The Cellar Dwellers' Countdown To The Sun: 5, 4, 3, 2, 1, At Last Off!

The Age

Saturday July 31, 2004

TIM PEKIN

There were times towards the end of a lowly and inglorious year when I knew it was not me out there playing. I would project myself five weeks ahead, into holidaying, resting and relaxing, leaving a clone to participate on my behalf. Sure, I gave 100 per cent - of what was left.

One day, just to get through the match, I pictured a warm sunrise over mist-shrouded hills instead of the infinite drizzle clamouring over the concrete of Waverley Park. I didn't get warm at all that day, especially when sat on the bench.

It is this time of a football year when players whose teams have not lived up to expectations yearn for the season to end. Perhaps not as consciously as I saw it, but it will be in their minds somewhere. They still train as hard and prepare as well for game day, but a prolonged period of under-performance can sap anyone's soul.

Add to that a coach under siege (or sacked), supporter anger and abandonment, faction fighting and media scrutiny, and a player can find himself under enormous stress. Put some of life's "normal" dramas on top - university grades are dropping, the girlfriend's left because she can't get enough time, you've just bought a house but could be traded or put into the draft, mates are leaving messages about how good the surf is off the coast of Mexico - and the end of the season can't come fast enough.
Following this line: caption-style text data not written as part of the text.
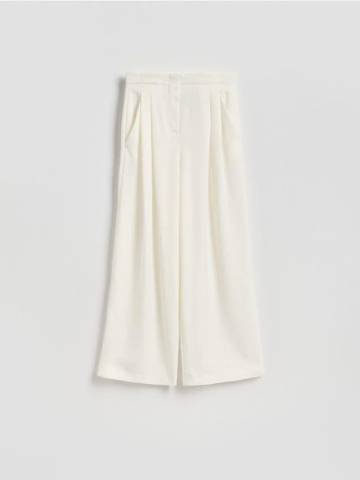 Reserved - Штани з додаванням ліоцелу - кремовий - 709GM-01X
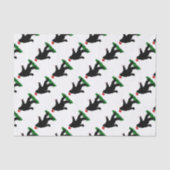 Weihnachtsfeiertag - Squatchin' mit Candy Canes Seidenpapier (Vorderseite)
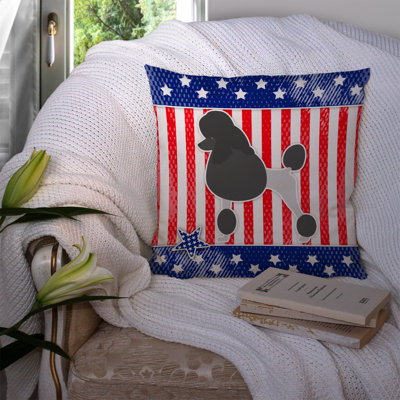 Patriotic Indoor/Outdoor Throw Pillow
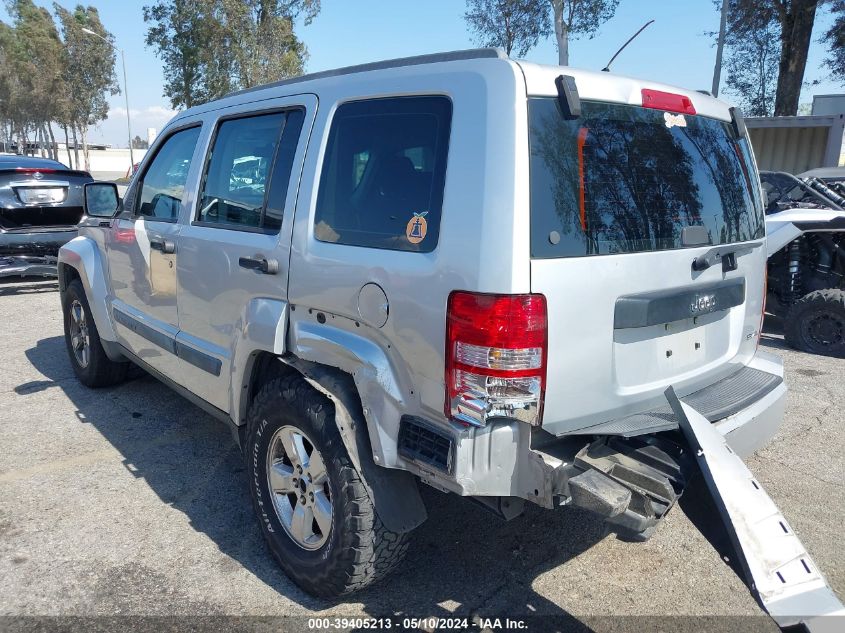 2008 Jeep Liberty Sport VIN: 1J8GP28K28W281585 Lot: 39405213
An old Fitzroy teammate, the laconic left-footer Gary Keane, would count the season down each Tuesday night. After what was traditionally the hardest training run of the week, he would tell those around him how many more Tuesday training sessions were left. It wasn't uncommon near the end of an unsuccessful year to look forward to the countdown.

If coach David Parkin had known, I imagine he would have inundated us with sheets of notes regarding the importance of staying positive. We were, but not in the way he would have liked.
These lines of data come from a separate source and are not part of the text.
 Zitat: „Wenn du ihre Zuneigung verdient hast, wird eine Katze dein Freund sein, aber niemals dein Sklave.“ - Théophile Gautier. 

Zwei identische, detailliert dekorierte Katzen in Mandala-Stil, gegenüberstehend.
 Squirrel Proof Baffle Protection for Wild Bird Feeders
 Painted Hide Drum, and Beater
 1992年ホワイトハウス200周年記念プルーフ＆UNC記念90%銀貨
Changing from Robert Walls as coach to Parkin was akin to switching from a game of poker to 500. Walls bluffed and shuffled to get the right hand, whereas Parkin was concentration, obsession and knowing the game inside out.
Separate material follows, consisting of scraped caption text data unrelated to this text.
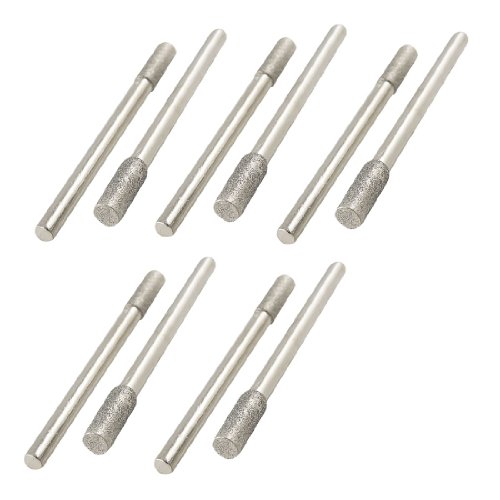 sourcingmap pointe diamant cylindrique 4mm queue 3mm lot 10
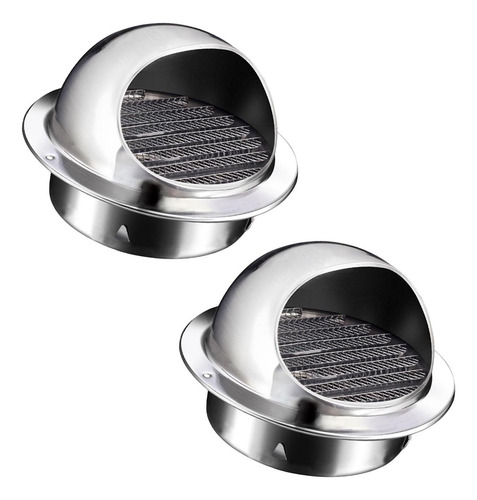 2 Piezas Ventilación De Pared Para Tubería De 120 Mm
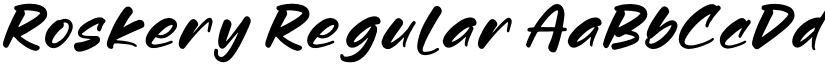 Roskery Regular font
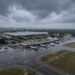 Patna Airport during weather-related flight disruptions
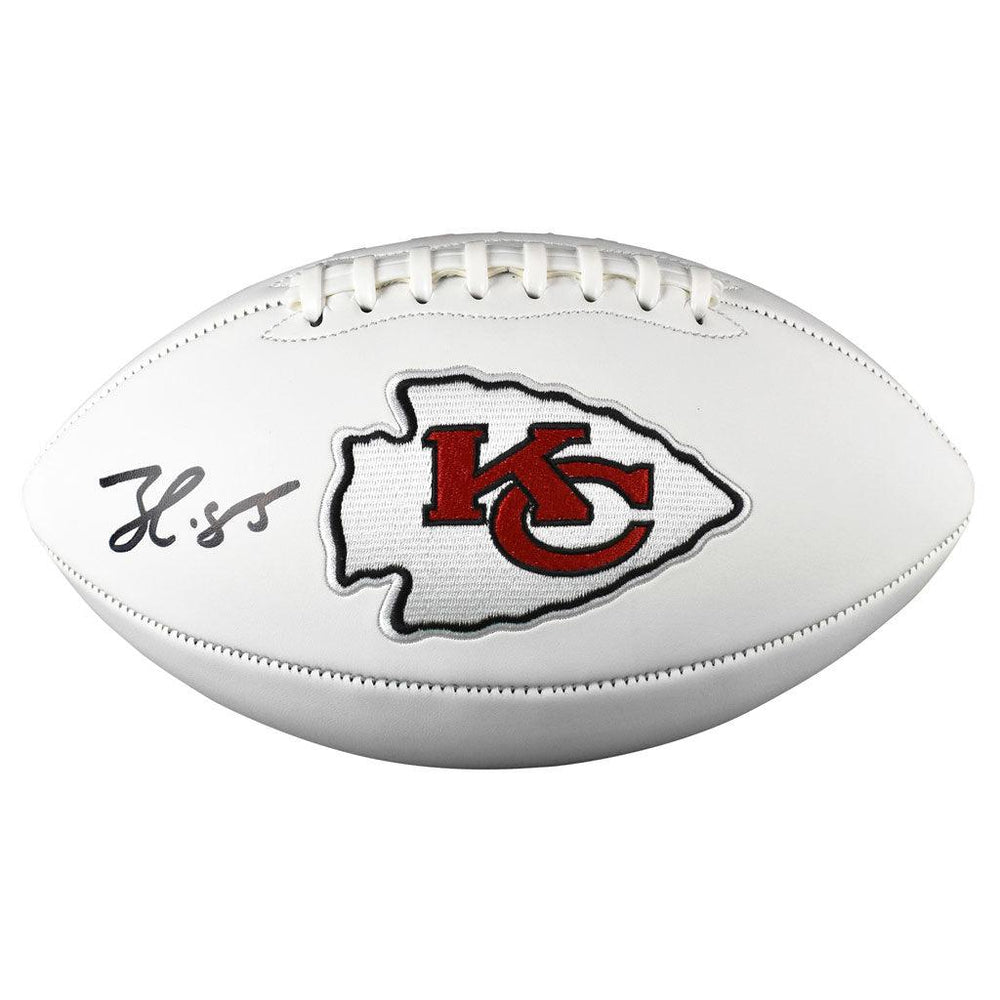 Frank Clark Signed Kansas City Chiefs Official NFL Team Logo Football (JSA) - RSA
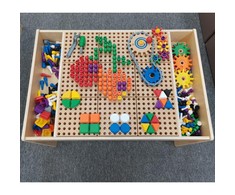 MASTERKIDZ medinis mokomasis stalas + 352 STEAM sienelės priedai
After we'd lost a game we should have won near the end of one year, Parko asked me: "What the hell were you thinking out there?" I faced two problems: I couldn't recall the incident he was talking about, and he needed an answer.

We stood locked together, him seething and waiting, me frantically trying to grasp any remnant of the game that hadn't disappeared from my mind. As the other players started shifting uncomfortably, looking everywhere but at Parkin, he barked at me to write it down and get it to him on Monday.

I racked my head for the rest of the weekend and finally decided to make something up that he might like to hear. I wrote in detail my thoughts and feelings, gave it to him on the Monday, and avoided him for the rest of the week. Just as I started to think I might have got away with it, Parkin asked me if I had actually written it.

Before I knew it, he had organised a psychological appraisal for me - he must have thought I was mad.

In the latter part of my first year at St Kilda, Tony Lockett surprised me in the showers one night after training. I was still unsure of "Plugger". With a raw glint in his eye, he looked around as if some conspiracy was at hand, and in an undertone said: "Only 15 training sessions to go now!" Then he grinned, like he knew I thought he was a big dummy. I told him I didn't know that but I was counting down the weeks, and could he please stop smiling because he was becoming unrecognisable.

Nearing the end of a season also brought the amusement of seeing players doing different weights programs. At St Kilda, the consistently man-boobed Sean Ralphsmith coerced Justin Peckett, a gym nomad, into "beach biceps" curls and chest-enhancing exercises, which Pecko's bad back normally found problematic. But he was young and the holidays were coming; after all, a break meant more than rest and recuperation.

The season's end was far more tangible than "playing for your future", although as you got older, the future could settle around you like a neck brace and mediocre form could drive you into wails of despair. You could forget that others in the team were feeling the same way, or had been in your position before. Somebody says your holiday may become permanent; the pressure mounts.

That's why clubs finishing in five weeks will be mixing up training activities, trying to get players to loosen up, putting them in different positions on the field, bringing in youth to boost enthusiasm, getting players to think about why they are playing, and acting that out at training. It might be as simple as practising taking speccies, kicking goals from the boundary, launching into some torpedoes, even kicking drop kicks.

It is amazing that, as clubs reintroduce some fun and get back some laughter, players' minds can be refreshed and the rest of the season need not end up a drudgery. Unexpected wins can be uncovered, and for clubs suffering lowly and inglorious times, a win can be like a sunny day. And a sunny day can make all the difference.